There was a pause for a moment and I thought he was finished. But then he opened it up again by asking, “So do you think it is a sin to use birth control?”
Good grief! This is a man I met fifteen minutes ago!!!
I said something about how no, I didn’t think it was a sin, I just believed that God had told us to have lots of children.
Thankfully, right about then I was saved by outside events that required us to head home right away. But the exchange stuck with me and made me think. Why did my answer to his question cause such a discussion (dare I say: lecture?) to ensue? Why does a perfect stranger feel he has the right (and perhaps obligation) to set me straight on the glories of birth control?
My best guess is this: I think that people feel threatened by my belief in this area. Let me give another example. Have you ever observed a conversation between a homeschool mom and a public school mom? Here is what often happens:
PSM: So where do your kids go to school?
HSM: Actually, we homeschool.
PSM: Lots of stuff about why public school is good for kids and is perfect for their family and really actually necessary.
HSM: Um, ok. (thinking: ok, but we homeschool!)
It felt a lot like that today. For some reason, no matter the intent behind the statement, people seem to think that having lots of babies implies judgement on those who choose not to. Just like people who don’t homeschool tend to think that those who do imply judgement on them.

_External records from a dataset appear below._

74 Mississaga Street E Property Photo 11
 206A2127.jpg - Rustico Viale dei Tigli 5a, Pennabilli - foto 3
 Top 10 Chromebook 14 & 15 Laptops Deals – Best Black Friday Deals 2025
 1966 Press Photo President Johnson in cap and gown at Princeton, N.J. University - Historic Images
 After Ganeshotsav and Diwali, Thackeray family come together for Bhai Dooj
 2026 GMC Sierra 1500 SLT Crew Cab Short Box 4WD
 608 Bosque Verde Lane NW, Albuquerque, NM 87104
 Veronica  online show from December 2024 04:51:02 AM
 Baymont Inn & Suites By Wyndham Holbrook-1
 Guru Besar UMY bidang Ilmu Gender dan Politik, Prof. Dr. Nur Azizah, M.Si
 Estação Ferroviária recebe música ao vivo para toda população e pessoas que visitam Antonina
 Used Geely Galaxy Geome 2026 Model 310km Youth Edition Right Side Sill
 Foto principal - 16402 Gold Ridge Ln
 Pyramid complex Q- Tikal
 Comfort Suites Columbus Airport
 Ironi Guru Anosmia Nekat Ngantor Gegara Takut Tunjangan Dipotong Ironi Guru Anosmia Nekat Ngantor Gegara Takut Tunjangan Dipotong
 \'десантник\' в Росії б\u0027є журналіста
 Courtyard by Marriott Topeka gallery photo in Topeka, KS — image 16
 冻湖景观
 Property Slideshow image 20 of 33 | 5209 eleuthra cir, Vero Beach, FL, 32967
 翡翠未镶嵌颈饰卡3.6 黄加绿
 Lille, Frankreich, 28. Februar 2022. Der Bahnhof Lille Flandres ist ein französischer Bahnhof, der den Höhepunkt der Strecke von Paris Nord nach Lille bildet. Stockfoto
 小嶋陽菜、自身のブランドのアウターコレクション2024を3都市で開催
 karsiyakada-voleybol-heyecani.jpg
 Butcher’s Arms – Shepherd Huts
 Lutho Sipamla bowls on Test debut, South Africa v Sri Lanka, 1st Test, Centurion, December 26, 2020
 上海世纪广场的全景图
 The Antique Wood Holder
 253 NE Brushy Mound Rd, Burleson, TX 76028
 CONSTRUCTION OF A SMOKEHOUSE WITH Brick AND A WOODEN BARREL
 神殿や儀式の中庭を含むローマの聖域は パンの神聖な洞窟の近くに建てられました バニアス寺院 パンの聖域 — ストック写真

And the fact is that neither is true – but I don’t know how to get around the assumption. Gabe and I want lots of children, and we believe God has called us to do so. This by no means requires that we think everyone who doesn’t share our belief is a “sinner”! Gabe and I want to homeschool, and we believe that is the best we can do for our children. This does not require that we think everyone who disagrees is a horrible person.
But the fact is that I only know one or two people on the “other side” of those issues who don’t misunderstand us. I wish there were an easy, non-combative way to disabuse people of the notion that my belief for myself means I’m judging them. But I don’t know what it is.